Significant findings

1. Respiration physiology influenced by O2and CO2, temperature, and cultivars

     • At shipping temperatures, respiration rates of the major PNW and California cultivars were affected very little by reduced O2 from 21 to 10%, but declined significantly from 10 to 5%.

     • Estimated fermentation induction points were about1-4% O2 for the major cultivars depending on temperatures.

     • CO2 at 0-15% did not affect respiration rates of ‘Bing’, ‘Sweetheart’, and ‘Coral’.

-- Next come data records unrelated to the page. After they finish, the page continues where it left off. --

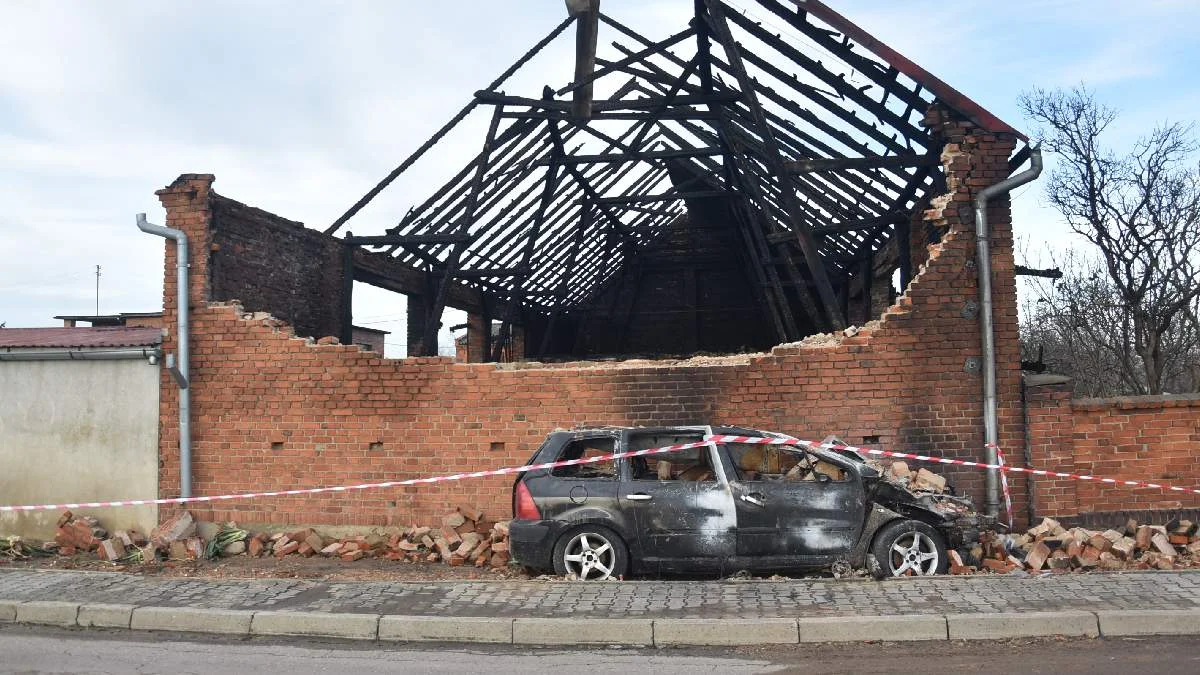 Pożar stodoły w Kuczynie. Kierowca peugeota usłyszał zarzuty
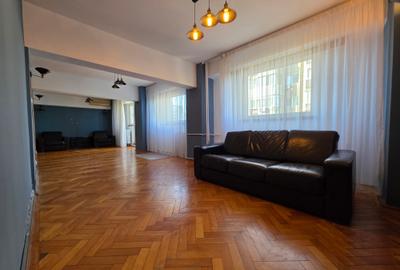 Spatiu de inchiriat cu 5 camere in zona Panduri / 13 Septembrie - 1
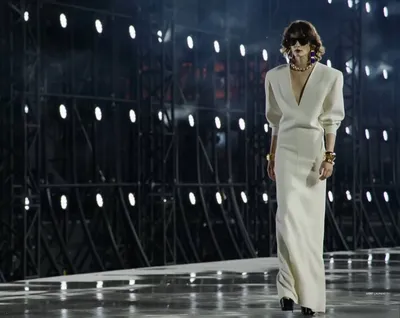 Yves Saint Laurent: история бренда, дизайнеры, фото лучших работ | Vogue  Russia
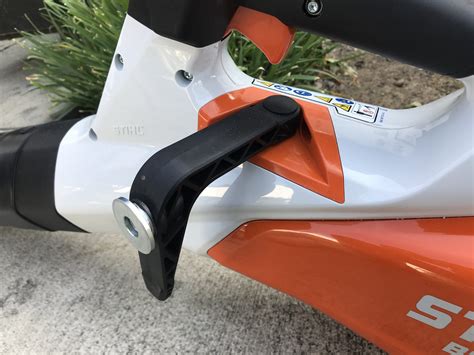 STIHL BGA 200 Battery-Powered Leaf Blower | Gardenland Power Equipment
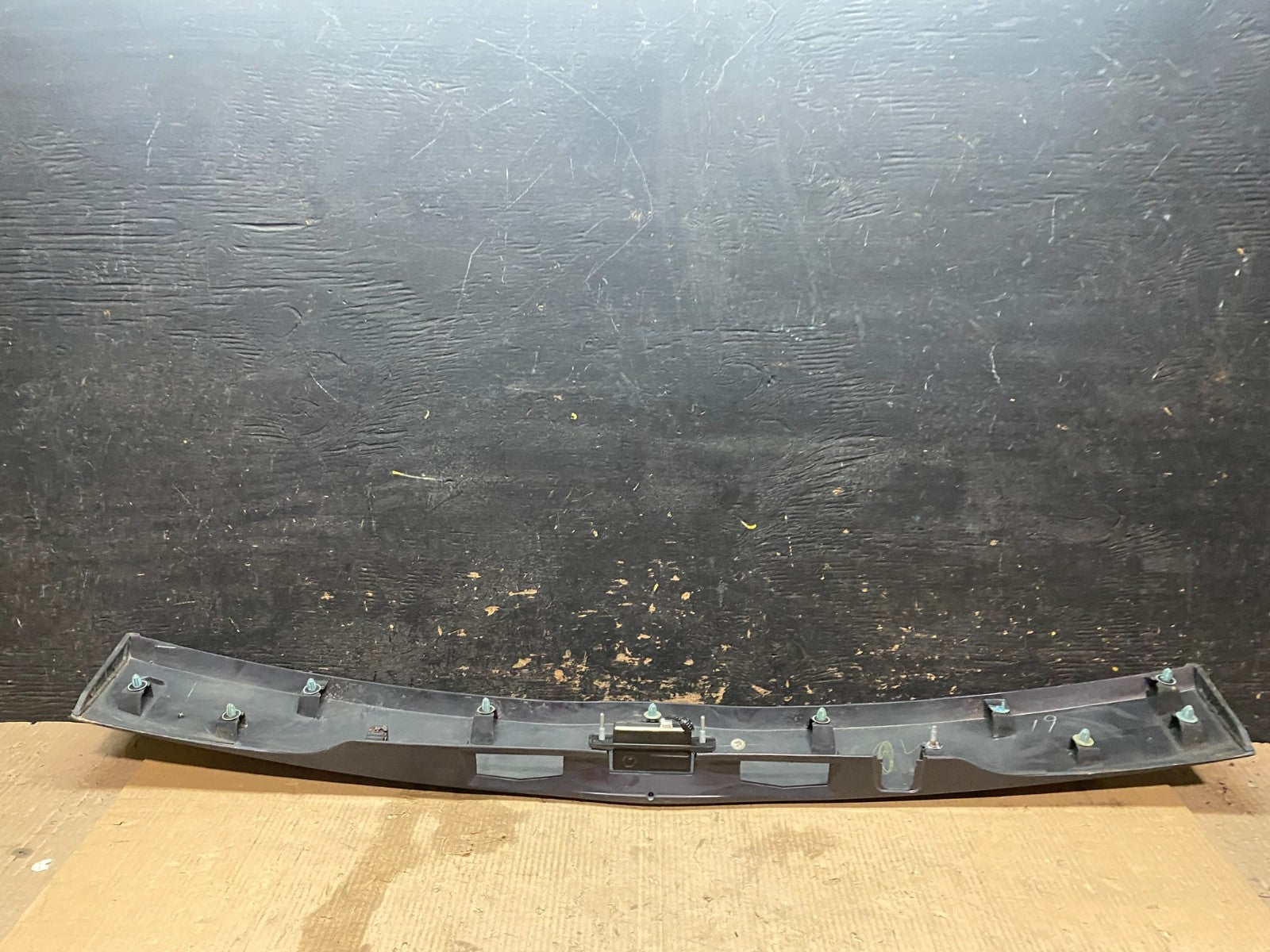 2010 to 2015 Toyota Prius Trunk Rear Tailgate Molding Panel 76801-00900 X3308 DG3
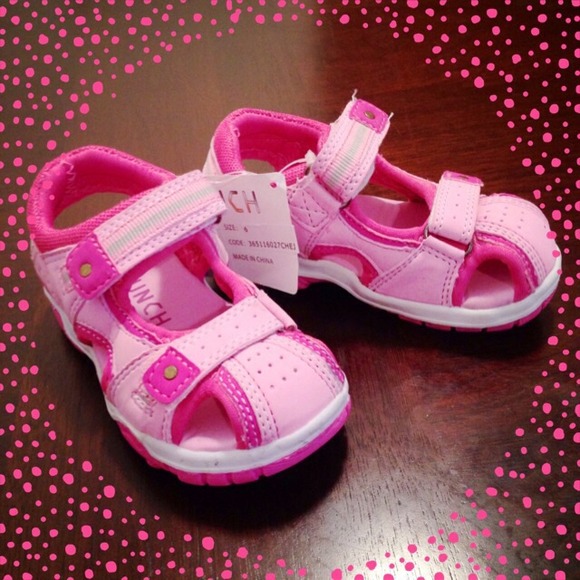 NWT Toddler Girl Active Sandals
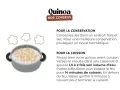 Une casserole de quinoa cuit, avec des volutes de vapeur. Le germe de quinoa est prêt à être dégusté.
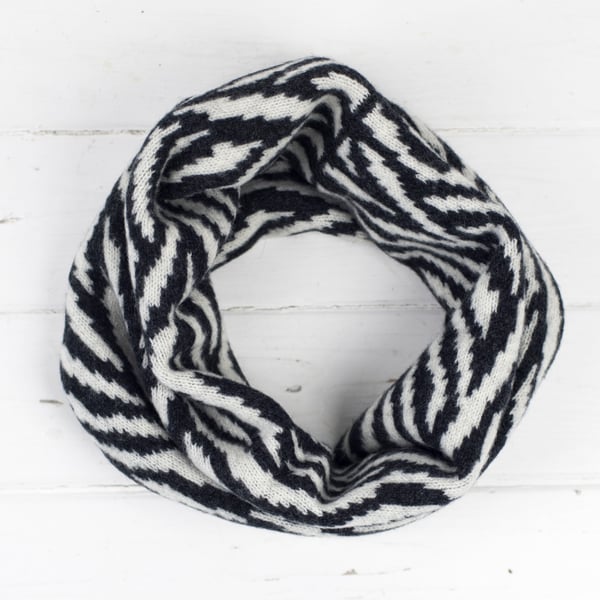 Zebra knitted cowl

     • ‘Skeena’ had a higher RQ (respiration quotient) and respiration Q10 than other cultivars. Therefore, ‘Skeena’ is more susceptible to anaerobic injury.

     • ‘Skeena’ fruit stressed by heat had a higher respiration rate and are more susceptible to anaerobic injury.

2.MAP Technologies

     • It was found that the major commercial MAP liners (7) had extremely varied equilibrium O2 (i.e., 1-15%) and CO2 (i.e., 5-13%) concentrations for the major PNW and California cultivars at simulated commercial shipping conditions.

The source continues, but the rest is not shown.